AI for Social Media, Interviews, and 3D Art
This week’s edition covers Munch, Final Round AI, and Meta’s SAM 3D, and how they are used in real workflows.
Welcome to AI Fyndings!
With AI, every decision is a trade-off: speed or quality, scale or control, creativity or consistency. AI Fyndings discusses what those choices mean for business, product, and design.
In Business, Munch Studio shows what happens when social media shifts from a task you manage to a system that runs.
In Product, Final Round AI explores how interview tools move beyond preparation into live support.

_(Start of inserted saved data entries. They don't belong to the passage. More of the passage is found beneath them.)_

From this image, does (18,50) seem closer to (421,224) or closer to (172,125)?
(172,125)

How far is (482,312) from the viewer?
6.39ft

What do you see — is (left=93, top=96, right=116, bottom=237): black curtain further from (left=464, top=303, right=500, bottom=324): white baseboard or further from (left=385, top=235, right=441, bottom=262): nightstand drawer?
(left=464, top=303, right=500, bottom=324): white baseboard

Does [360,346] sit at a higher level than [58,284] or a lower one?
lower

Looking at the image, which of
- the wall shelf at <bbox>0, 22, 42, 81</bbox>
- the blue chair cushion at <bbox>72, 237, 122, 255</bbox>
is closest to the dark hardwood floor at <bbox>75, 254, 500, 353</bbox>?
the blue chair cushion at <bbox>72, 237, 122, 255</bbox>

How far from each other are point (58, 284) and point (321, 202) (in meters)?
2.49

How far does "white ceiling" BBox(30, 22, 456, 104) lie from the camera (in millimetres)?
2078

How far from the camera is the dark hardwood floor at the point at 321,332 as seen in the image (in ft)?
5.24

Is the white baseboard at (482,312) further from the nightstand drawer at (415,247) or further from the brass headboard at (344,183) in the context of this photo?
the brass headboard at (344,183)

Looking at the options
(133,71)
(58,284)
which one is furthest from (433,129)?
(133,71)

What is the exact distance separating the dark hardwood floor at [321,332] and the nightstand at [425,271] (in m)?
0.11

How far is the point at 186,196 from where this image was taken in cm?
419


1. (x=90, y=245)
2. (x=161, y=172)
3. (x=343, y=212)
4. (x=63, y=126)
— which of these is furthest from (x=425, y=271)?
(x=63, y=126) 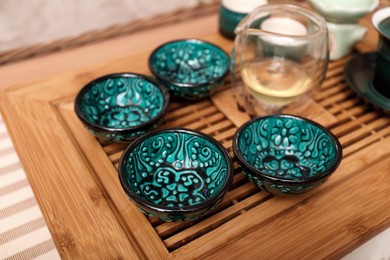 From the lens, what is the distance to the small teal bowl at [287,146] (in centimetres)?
68

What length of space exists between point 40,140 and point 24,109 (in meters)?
0.10

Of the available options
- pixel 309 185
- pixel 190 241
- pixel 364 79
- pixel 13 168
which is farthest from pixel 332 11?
pixel 13 168

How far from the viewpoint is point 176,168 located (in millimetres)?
711

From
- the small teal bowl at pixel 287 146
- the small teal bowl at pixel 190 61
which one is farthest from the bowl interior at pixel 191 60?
the small teal bowl at pixel 287 146

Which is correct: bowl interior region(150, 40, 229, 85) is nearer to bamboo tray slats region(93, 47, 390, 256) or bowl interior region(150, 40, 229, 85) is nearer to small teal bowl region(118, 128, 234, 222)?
bamboo tray slats region(93, 47, 390, 256)

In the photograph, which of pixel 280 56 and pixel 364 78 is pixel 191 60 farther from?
pixel 364 78

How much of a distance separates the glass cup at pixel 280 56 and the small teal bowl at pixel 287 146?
0.09 meters

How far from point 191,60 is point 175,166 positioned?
31 cm

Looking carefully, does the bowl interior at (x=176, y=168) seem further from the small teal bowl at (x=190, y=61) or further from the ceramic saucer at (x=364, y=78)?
the ceramic saucer at (x=364, y=78)

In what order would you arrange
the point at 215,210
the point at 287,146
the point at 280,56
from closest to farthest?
the point at 215,210 → the point at 287,146 → the point at 280,56

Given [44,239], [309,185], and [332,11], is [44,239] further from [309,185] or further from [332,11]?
[332,11]

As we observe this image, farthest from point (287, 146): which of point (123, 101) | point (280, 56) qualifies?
point (123, 101)

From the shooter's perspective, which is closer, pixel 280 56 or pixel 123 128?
pixel 123 128

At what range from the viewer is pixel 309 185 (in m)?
0.60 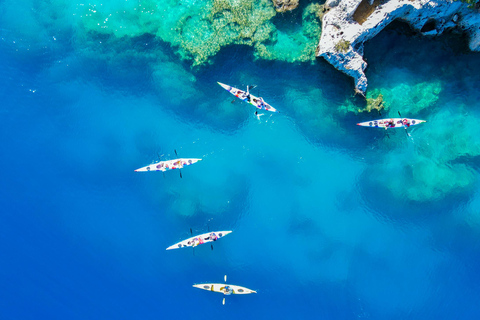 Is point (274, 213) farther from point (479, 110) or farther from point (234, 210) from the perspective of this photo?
point (479, 110)

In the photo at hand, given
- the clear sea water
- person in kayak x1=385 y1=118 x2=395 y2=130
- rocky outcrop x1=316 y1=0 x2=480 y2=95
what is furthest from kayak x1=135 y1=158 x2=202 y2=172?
person in kayak x1=385 y1=118 x2=395 y2=130

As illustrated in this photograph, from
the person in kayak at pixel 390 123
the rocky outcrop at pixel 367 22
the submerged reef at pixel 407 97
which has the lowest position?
the person in kayak at pixel 390 123

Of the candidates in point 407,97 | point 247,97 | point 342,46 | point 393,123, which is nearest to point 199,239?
point 247,97

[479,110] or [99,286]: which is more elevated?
[479,110]

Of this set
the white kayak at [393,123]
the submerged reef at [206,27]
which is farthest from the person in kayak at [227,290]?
the submerged reef at [206,27]

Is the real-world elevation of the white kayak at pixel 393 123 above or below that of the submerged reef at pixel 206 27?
below

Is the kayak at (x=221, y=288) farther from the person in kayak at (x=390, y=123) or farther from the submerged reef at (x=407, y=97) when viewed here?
the person in kayak at (x=390, y=123)

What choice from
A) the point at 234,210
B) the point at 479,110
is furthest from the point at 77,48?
the point at 479,110

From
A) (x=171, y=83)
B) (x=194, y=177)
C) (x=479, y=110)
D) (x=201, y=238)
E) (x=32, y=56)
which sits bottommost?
(x=201, y=238) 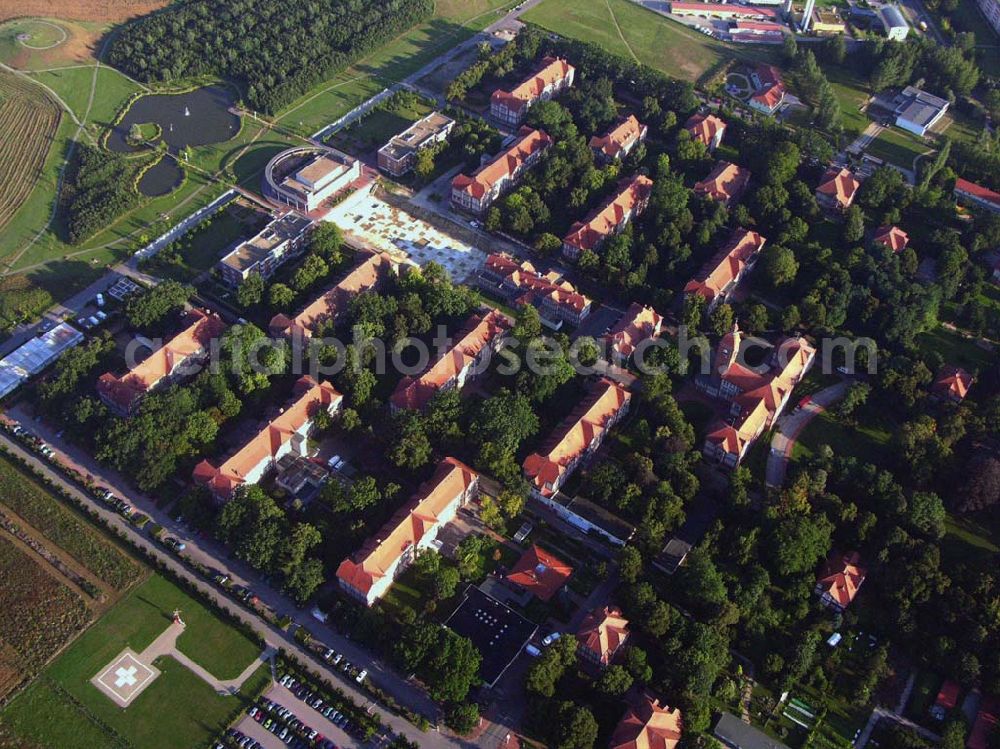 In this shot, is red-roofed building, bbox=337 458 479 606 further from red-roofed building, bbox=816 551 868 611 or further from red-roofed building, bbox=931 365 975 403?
red-roofed building, bbox=931 365 975 403

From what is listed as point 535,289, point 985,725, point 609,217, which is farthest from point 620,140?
point 985,725

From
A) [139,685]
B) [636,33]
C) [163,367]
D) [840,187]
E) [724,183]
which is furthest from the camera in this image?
[636,33]

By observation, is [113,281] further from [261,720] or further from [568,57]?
[568,57]

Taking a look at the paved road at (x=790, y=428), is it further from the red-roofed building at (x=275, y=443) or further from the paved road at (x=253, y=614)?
the red-roofed building at (x=275, y=443)

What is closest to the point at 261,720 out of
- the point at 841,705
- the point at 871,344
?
the point at 841,705

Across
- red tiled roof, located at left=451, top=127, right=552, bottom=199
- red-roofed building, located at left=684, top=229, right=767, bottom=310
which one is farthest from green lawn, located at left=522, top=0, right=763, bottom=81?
red-roofed building, located at left=684, top=229, right=767, bottom=310

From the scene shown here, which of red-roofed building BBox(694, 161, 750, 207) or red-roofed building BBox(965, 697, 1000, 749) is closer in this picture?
red-roofed building BBox(965, 697, 1000, 749)

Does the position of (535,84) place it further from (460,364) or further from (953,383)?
(953,383)

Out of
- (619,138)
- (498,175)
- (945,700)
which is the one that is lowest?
(945,700) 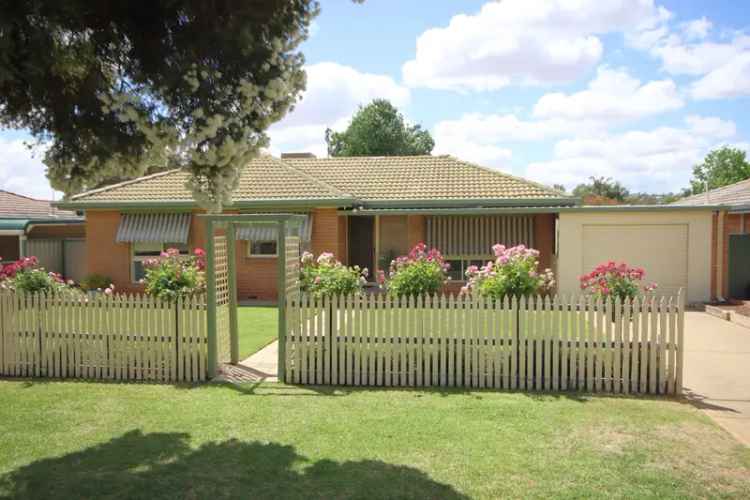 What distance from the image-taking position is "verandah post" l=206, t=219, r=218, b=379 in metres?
8.55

In Design, Meta’s SAM 3D examines what changes when selection becomes the starting point for working in 3D.
AI in Business
Munch Studio: Social Media Without Weekly Decisions
TL;DR
Munch Studio is an AI tool that plans, creates, and schedules social media content end to end. Built to keep social media running without needing constant attention, even when no one owns it full-time.
Basic details
Pricing: Paid with pricing starting at $48/month
Availability: Web-based
Best for: Businesses without a dedicated social media manager
Use cases: Social media planning, content creation, scheduling, and publishing
One thing I keep seeing across teams is this: social media is not hard because it’s complex. It’s hard because it’s constant.
There’s always something to decide. What to post. Which platform to focus on. Whether a reel or a carousel makes more sense. How often is “enough.” What’s on brand. What’s trending. What’s working. What’s not.
These decisions keep coming back every week, and most teams don’t have a clear system for making them. So progress depends heavily on whoever is paying attention at that moment.
Munch Studio is built to replace that recurring decision-making with a preset system.
Munch is essentially an AI tool that takes your brand, your website, and your inputs, and then turns that into a full social media setup. It decides the platforms, creates a content strategy, plans the week, generates posts and videos, and schedules them. You can guide it but the default behaviour is that the system keeps moving without waiting for you to decide each step.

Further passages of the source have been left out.